Although guidelines published in the late 1990s and early 2000s endorsed post-mastectomy radiation therapy in high-risk women, they appear to have had little affect on clinical practice, the researchers said.

The study was published Monday in the journal Cancer.

"When physicians are not guided by published evidence, there is the chance that patient outcomes will suffer or that patients will undergo unnecessary treatments and tests," said study co-author Dr.
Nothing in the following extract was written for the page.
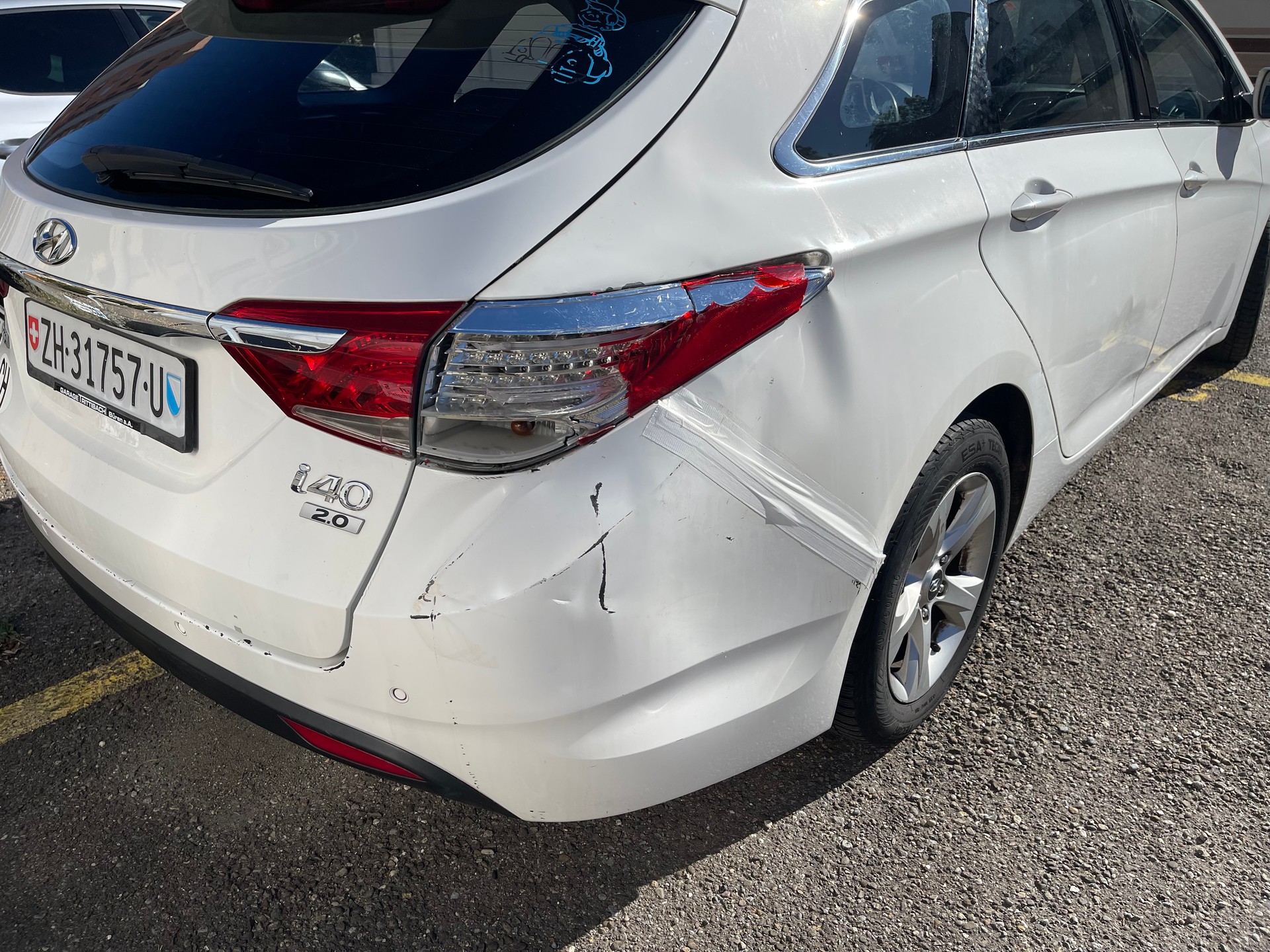 HYUNDAI i40 Wagon 2.0 GDi Style-image-9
Shervin Shirvani, with the M.D. Anderson Cancer Center in Houston, in a statement.

The researchers used the Surveillance, Epidemiology, and End Results [SEER]-Medicare database, to find and analyze data from more than 38,000 women aged 66 and over, who were treated with mastectomies for invasive cancer between 1992 and 2005.

The researchers found three landmark studies showing the survival benefits of radiation for high-risk women published between 1997 and 1999 in the New England Journal of Medicine and The Lancet did seem to influence treatment rates. The number of post-mastectomy, high-risk women getting radiation therapy rose from 36.5 percent in 1996 to 57.7 percent in 1998, they said.

But later guidelines endorsing the radiation treatment in these women didn't seem to move the dial. From 1999 to 2005, only about 55 percent of the high-risk women received radiation therapy.

Women who were older, had smaller tumors, and whose cancers lacked lymph node involvement were less likely to get radiation therapy, the researchers said.